Matkiwsky raised $27,000 and formed Poison Apple Pictures, a production company, with the help of his former College roommate Ronnie Lubischer. Lubischer, who collaborated with Matkiwsky on scripts throughout college, also plays a part in the movie.

With about a dozen New York City-based professional actors (recruited on and, hometown friends recruited as extras and a handful of production people, they brought “The Bonnie Situation” to life.

The movie was cast in November 2004, shot from February to June of 2005, edited over the summer and finished in December, a mere two days before its premier at Tribeca Cinemas in New York City.

Philip Asta, a New York-based actor who has worked off-Broadway and in a number of student films, was an automatic choice for the role of Peter. After seeing a slew of bad actors at auditions, Lubischer said Asta walked in and blew them away. “As soon as he left, we said, ‘that’s going to be the Peter character,'” he said.

Asta said this is his first lead role in a feature film.

“I read the script and I liked the flow and the pace of it,” Asta said. “Plus the fact that (Matkiwsky) was going all out.”

There were good times on the set. “Everybody else there was (a) real actor, so I was nervous at first,” Lubischer said of playing the dim-witted Eugene. “But after the first day I relaxed, everything fell into place.”

The film’s bar scenes were shot on-location in Hoboken at the Tonic Bar and Lounge and the Gaslight Restaurant, which Matkiwsky said generously gave them three full days of shooting apiece.

“Free beer also,” he added, “which isn’t a good thing if you’re directing.”

One thing that stood out about “The Bonnie Situation” was its high-quality visuals.

Matkiwsky attributes this to Jefferey Chu, the director of photography, and Nat Aguilar, who called himself the “rambo of lighting.” (They also had “one sound guy who held the boom mic and mixed at the same time,” he said.)

The movie was shot with digital cameras, which both cut costs and helped the editing process.

Asked if the movie had any real-life basis, Matkiwsky said that his ex-girlfriend had not seen the movie – yet.

The characters, he said, are loosely based on friends of his.

“We’d take someone we knew,” Matkiwsky said, “and say ‘how can we make him the ultimate character?'”

Poison Apple Pictures has a few more original film ideas lined up, based on Lubischer’s work as a creative writing minor at the College.

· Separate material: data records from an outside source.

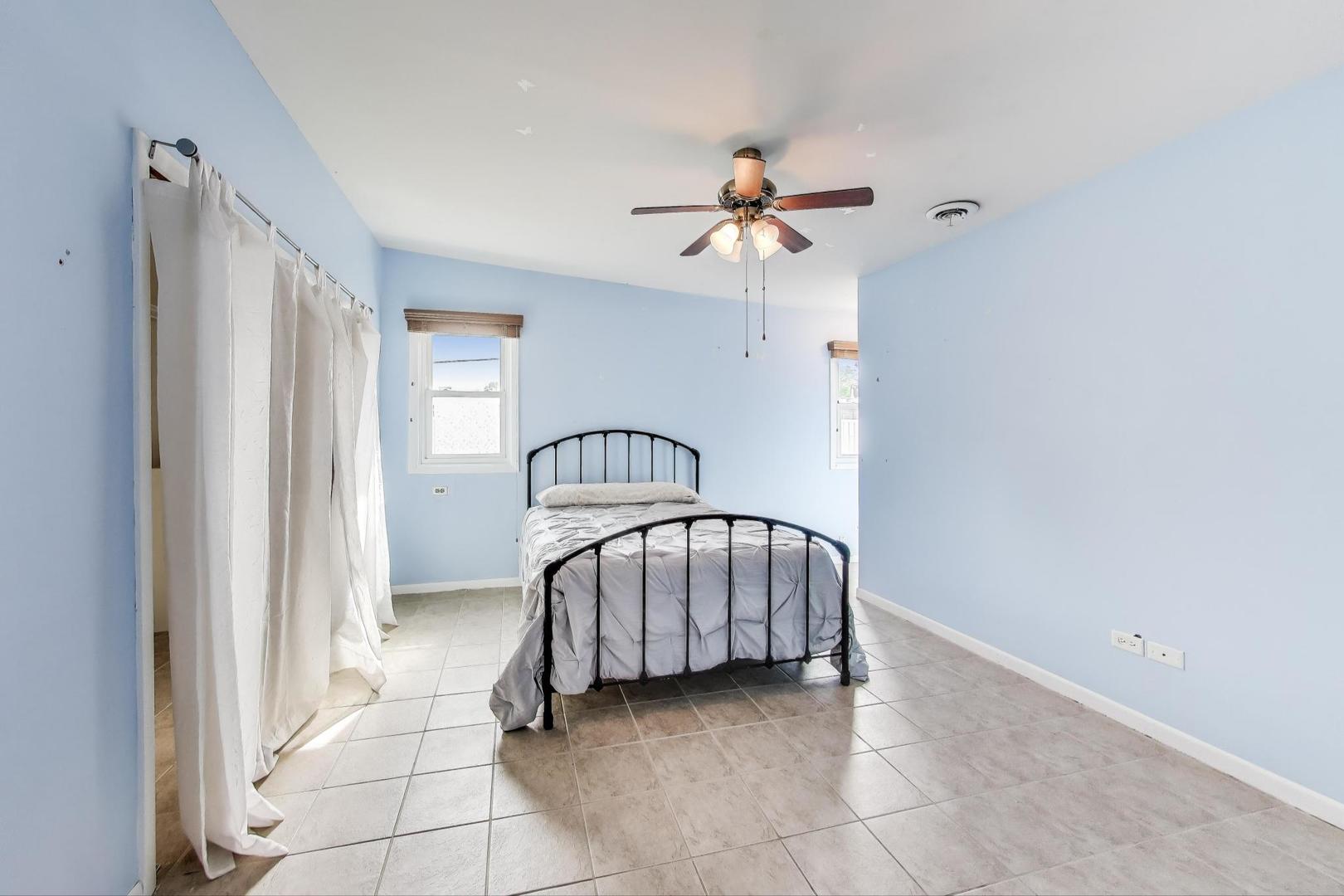 4883 N Vine Avenue, Norridge, IL 60706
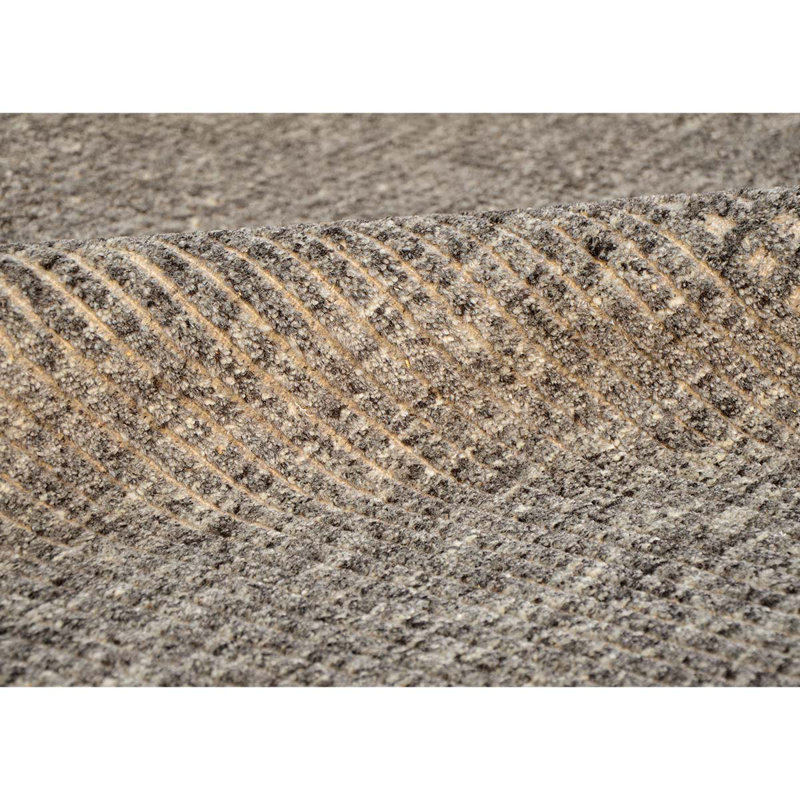 Area Rug in Brown, Rectangle 6' x 9'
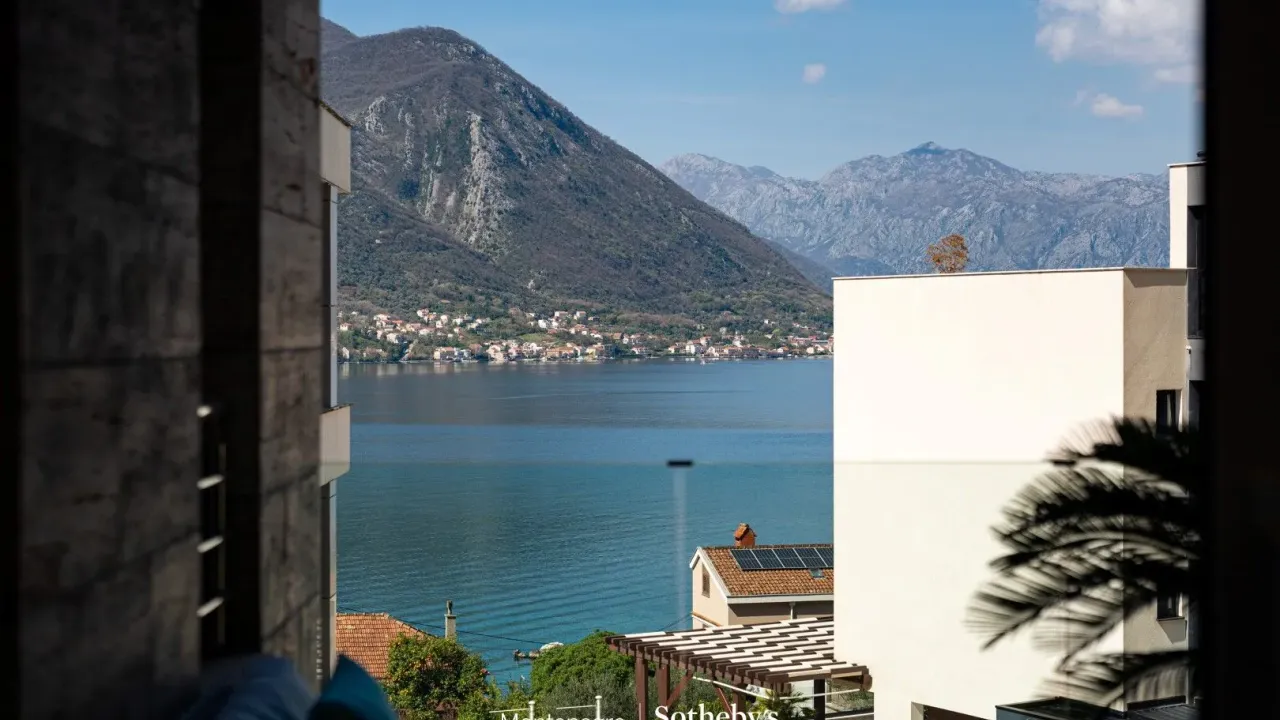 Sale, two bedroom apartment, 82m², Dobrota, Kotor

Their next project is “Lee Wang Makes Varsity,” a high school basketball movie that Lubischer describes as “off the wall.”

“It’s Bad News Bears meets Napoleon Dynamite,” Lubischer said.

“With a little John Hughes mixed in,” Asta added.

They also hope to get industry attention for “The Bonnie Situation,” which will be screened at CineSpace in Los Angeles later this month.